Mark your ballot on Nov. 19

 | November 16, 2011
Publisher's Note

On Saturday, Nov. 19, eligible voters will cast their ballots to elect the first full term mayor of the Mountain Resort Municipality of Sun Peaks. While municipal status was granted on June 28, 2010, this year we fall in line with all municipal elections in B.C. and will, going forth, vote every three years for our mayor and council.

The Sun Peaks election is different from other municipalities in B.C. this year, as all three of the Sun Peaks elected councillors were re-elected by acclamation with no one challenging their positions. Furthermore, the one provincially appointed councillor (a first in B.C., if not Canada) will be named by the Province after the election. The same cannot be said for the mayor’s race, as Sun Peaks’ first incumbent mayor, Al Raine, is being challenged by local resident Ms. Renate Kals.

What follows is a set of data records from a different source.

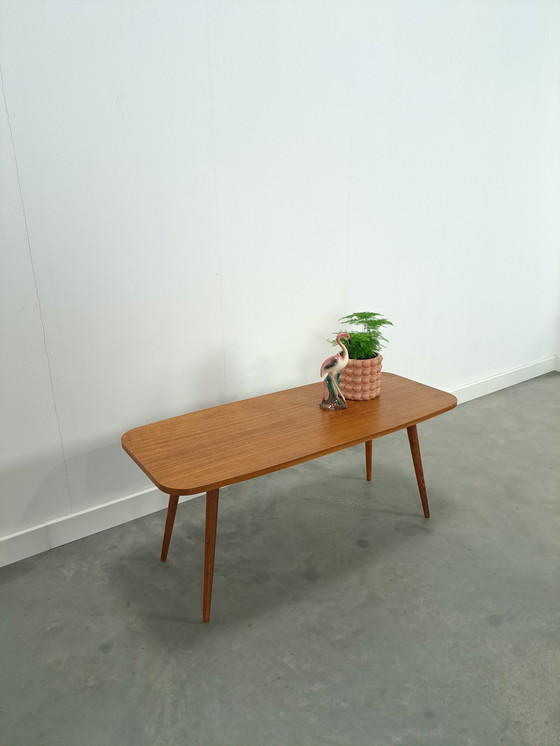 Image 1 of Teak Fineer Salontafel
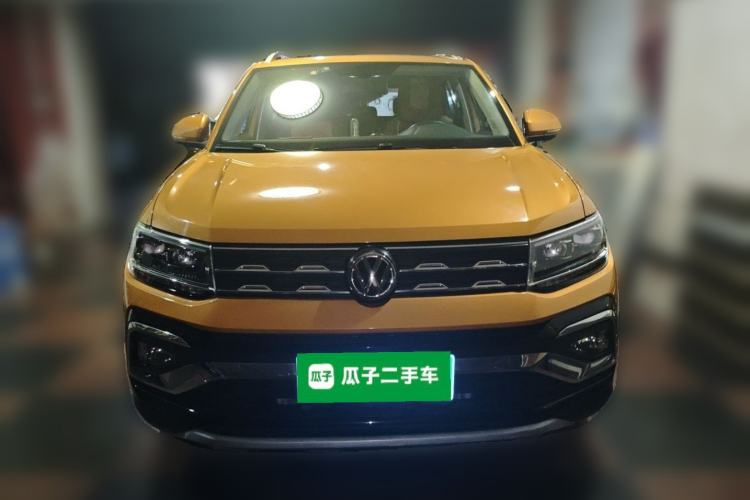 Used Volkswagen T-Cross 2019 280TSI DSG Luxury Edition Front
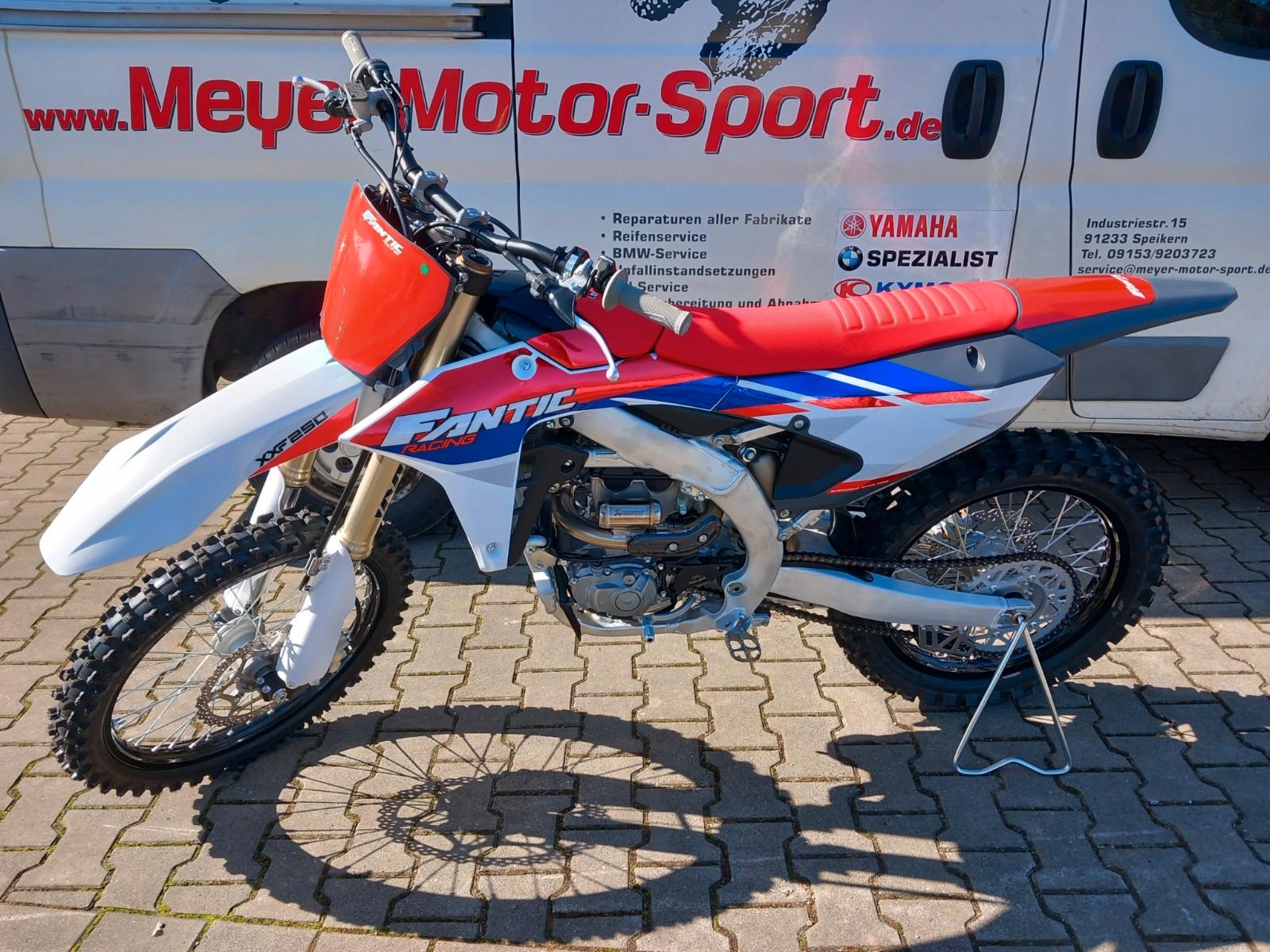 Fantic XXF250-2026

Ms. Kals, a long-time resident of the community, has been a very outspoken opponent of the new mayor and council and other community leaders over the past years and currently uses her own web blog to further her “Save Sun Peaks” cause. On the other side of the race is incumbent Mayor Al Raine whose first 18 month term as mayor has been full of new and sometimes bumpy territory in guiding the community through the municipal transition process of bylaws, taxes and legal challenges.

While the democratic system of Canadian politics allows anyone eligible for public office to run in an election, sometimes one has to question the true rationale of political candidates. The job of being a mayor in B.C. is truly a thankless one in the end, and the annual salary, simply put, is less than my truck’s fuel bill per annum.

So the question begs, why would someone run for mayor? There are only two reasons that come to mind. One: they have lots of excess time on their hands and want to do something positive for their community. Or two: they feel that the leadership is lacking and their goal is to smooth out the rocky road of community governance as it stands.

I think it can be safely said that while both may very well be valid reasons to throw your name in the political ring, does the latter really do any good for community well-being as a whole? Is the new municipality of Sun Peaks already broken after only 18 months in existence?

That’s a question you’ll have to ask of or answer yourself once you step to the polls on Nov. 19. All politics aside, just make sure get out and vote as that’s your Canadian right.